Scatta un nuovo allarme tra gli industriali tedeschi sul fronte delicatissimo dell’approvvigionamento di risorse umane specializzate e, in particolare, developer, amministratori IT, IT project manager. Il mercato del lavoro IT in Germania non riesce a soddisfare le imprese e questo compromette le potenzialità di sviluppo .
A parlarne è ancora una volta un servizio di Agence France-Press che inquadra il problema in una cronica mancanza di manodopera specializzata sui mercati interni europei, affiancata da una burocrazia e da regole che impediscono l’assunzione di masse di tecnici asiatici . Questi sono individuati in particolare in professionisti IT indiani e cinesi, sfornati dalle università locali e spesso immediatamente catapultati nei mercati occidentali o altrimenti assunti in loco dalle divisioni indiane o cinesi delle grandi corporation del software e dei servizi.

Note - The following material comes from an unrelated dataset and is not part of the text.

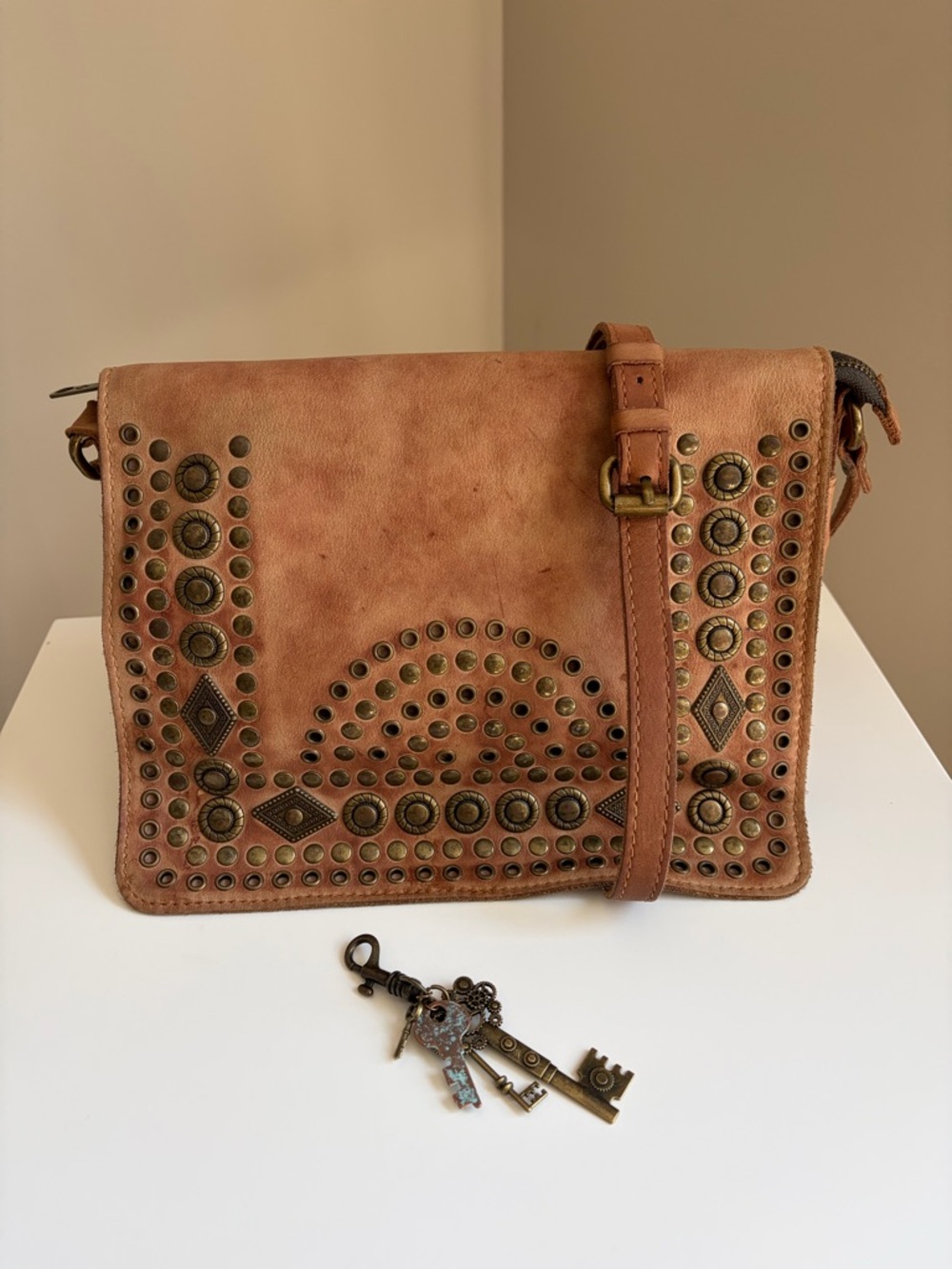 Patricia Nash Studded Leather Crossbody Bag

La ragione della mancanza di manodopera IT in Germania è la stessa che spesso viene citata anche in Italia, ovvero il numero troppo basso di informatici laureati tra i residenti, insufficiente comunque a coprire le esigenze IT di industrie e pubblica amministrazione.
Non che sia una problema di salari. Se da noi molti professionisti del settore che migrano all’estero si lamentano delle paghe , in Germania come in altri paesi europei il problema non è poi così sentito. Il che è in buona parte ascrivibile alla diversa struttura industriale: la presenza di imprese di dimensioni tendenzialmente maggiori o molto maggiori di quelle italiane, tradizionalmente piccole, fa sì che possano contare su più efficienti economie di scala e su una più spiccata propensione tecnologica, il che gioca a favore degli specialisti IT.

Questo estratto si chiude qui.